孔明与曹操、孙权虽都是一时之“伯乐”,但其用人并非尽善尽美,而是各有短长,优劣互见。且事物是辩证的,其用人之优点也往往含着其用人之短处:其长处从某方面看比别人优,从另方面看则劣于他人。
偏重于德、周延性不够
孔明以德才兼备做为用人的准则,如抽去具具体内容,仅从抽象方面去借鉴,对于任何社会的统治阶级都是适用的。因为任何社会都有它的道德规范,而这些道德规范都是为这个社会的统治阶级服务的。孔明所说的“德”,当然是指封建社会的”德”,从他的言行中,主要是指:一、“志虑忠诚”,“心存汉室”;二、“忠勤时事”,三、“进尽忠言”;四、正直、良实、 清廉。概言之,孔明所要求的德是公而忘私,即“心存汉室”、统一天下,不计较个人私利。他所要求的才主要是治国、争天下的才智。由于孔明以德才兼备取士,其继位者如蒋琬、费祎、姜准等都能忠于蜀汉,清廉自持,团结列敌,故没有出现魏、吴两国内部那种互相倾轧、勾心斗角、争权夺利的现象。因此,仅占天下不及1/10的蜀国能抗拒占有天下7/10的魏国近半个世纪之久。也因此,阿斗才能安坐宝座41年。当然,孔明的德才兼备用人政策也有其不足之处,他虽不是有才缺德的不用,但有点偏重于德。如对魏延,他虽“凭其骁勇”,因嫌其“性矜高”、不能团结人,对他不大放心,延有奇策,也不认真考虑,故延“叹恨己才用之不尽”。孔明这种有点偏重于德的用人方针,未尝不是蜀国缺少奇才的原因之一。而曹操的“唯才是举”的用人方针与之相比,在这方面就有其优点。
唯才则用有奸逆之虞
曹操不论是什么样的人,即使是不仁不孝的人,只要是有才干的,都尽量录用,故曹魏人才济济,人才辈出。如荀彧等之后有司马懿等,司马懿等之后有钟会、邓艾等。不过,从巩固政权这方面来看,曹操这种只讲才不讲德的”唯才是举”的用人方针,与孔明的德才兼备的用人方针相比,却大为逊色。对曹操的延揽人才,清代顾炎武说,“孟德既有冀州,崇奖跅驰之士,观其下令再三,至于负污辱之名见笑之行,不仁不孝而有治国用兵之术者。
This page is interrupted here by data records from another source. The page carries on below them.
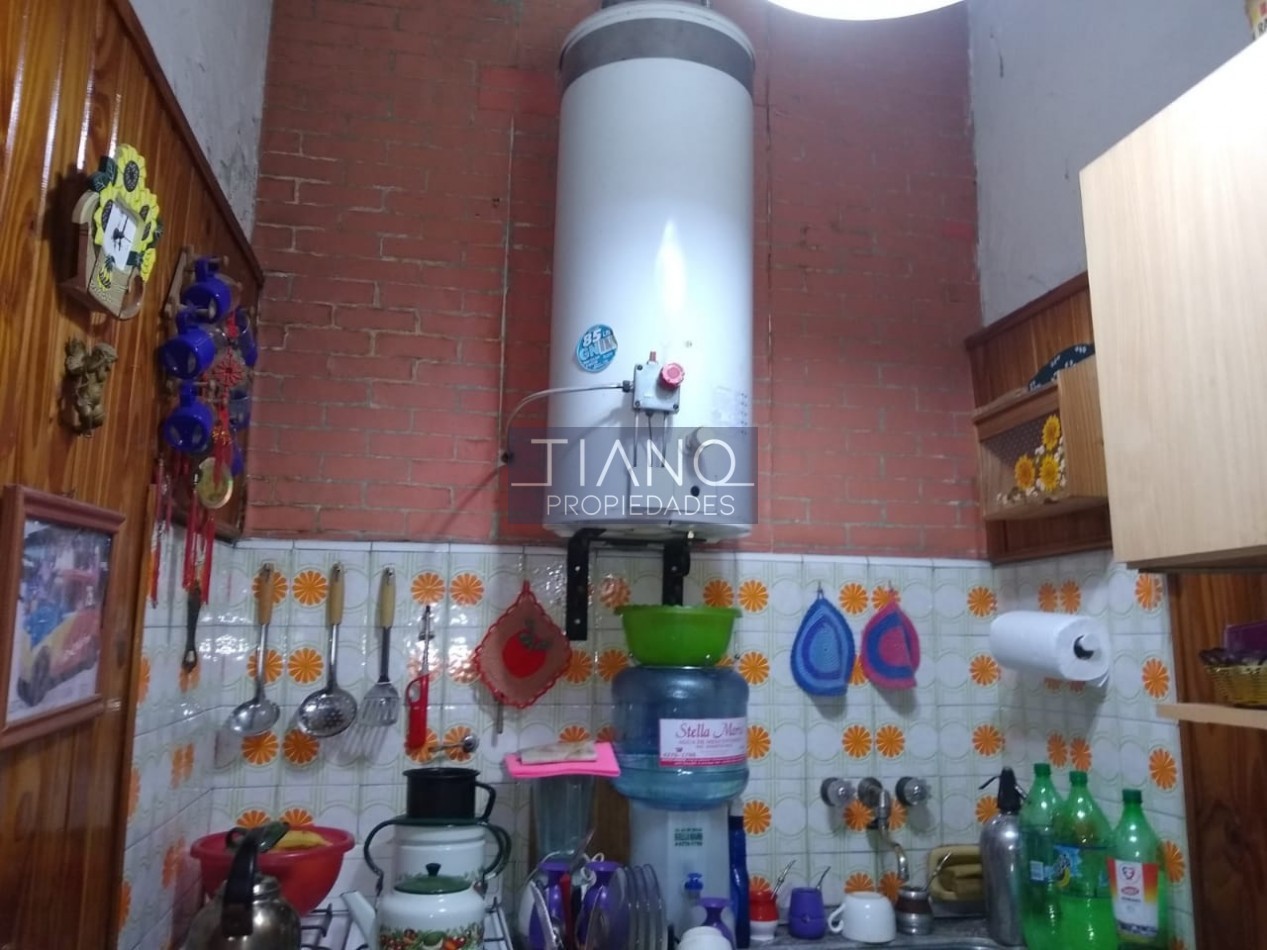 AMPLIO 4 AMBIENTES CON PATIO, PARRILLA Y LAVADERO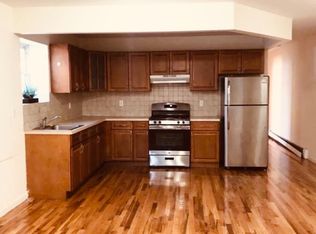 7020 73rd St, Glendale, NY 11385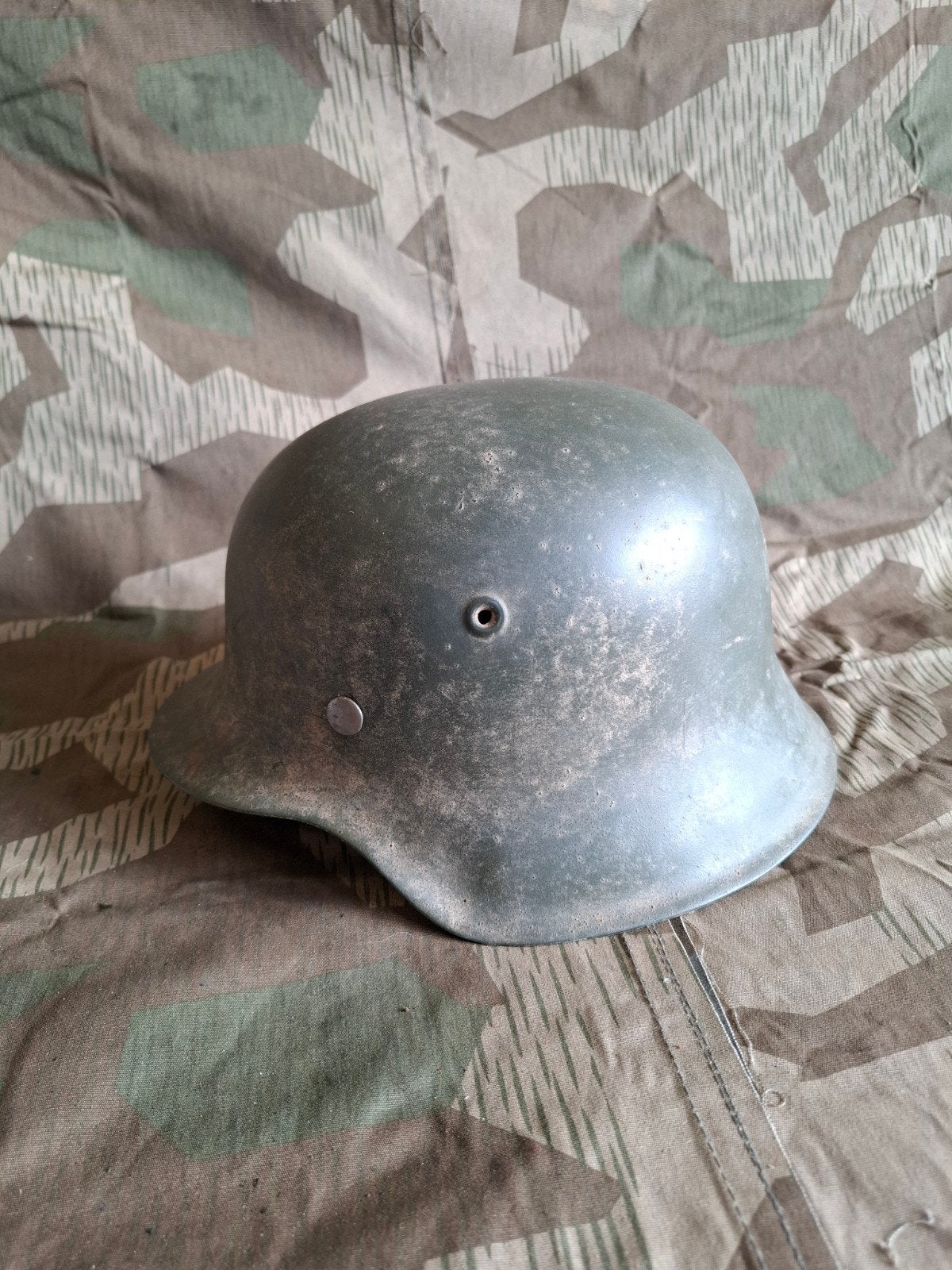WO2 Duitse M42 camo helm inclusief liner ring, Verzamelen, Ophalen of Verzenden, Duitsland, Helm of Baret
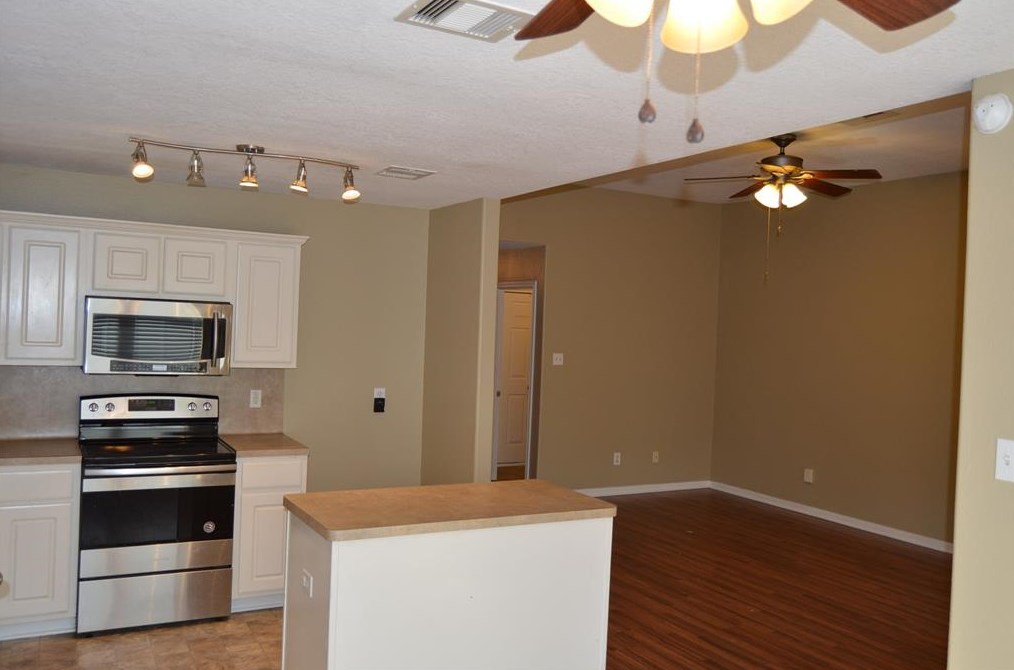 3907 Middlecrest Ln, Richmond, TX 77469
于是权诈迭进,奸逆萌生……。”顾炎武看不到曹操的“唯才是举”的用人方针的可贵之处,却一味抹煞,这是不对的,但他说这种政策引致“权诈迭进”是有根据的。司马懿虽是一时之杰,但他控制曹魏政权的手段之诡诈,不下于曹操挟持汉政权,后来司马氏也学曹家逼使汉家皇帝禅让的故伎,夺取了曹魏政权,并把曹氏集团的人大体杀绝了。钟会、邓艾灭蜀后,也各怀异心,想除掉对方,以独霸西蜀。钟会首先叛变,结果两败俱亡。在这里,我们并不是想议论司马氏代魏和钟会叛变的是非问题,而是想阐明这样的一个道理:任何一个政权要巩固,首要的是:其执政的核心人物必须忠于这个政权。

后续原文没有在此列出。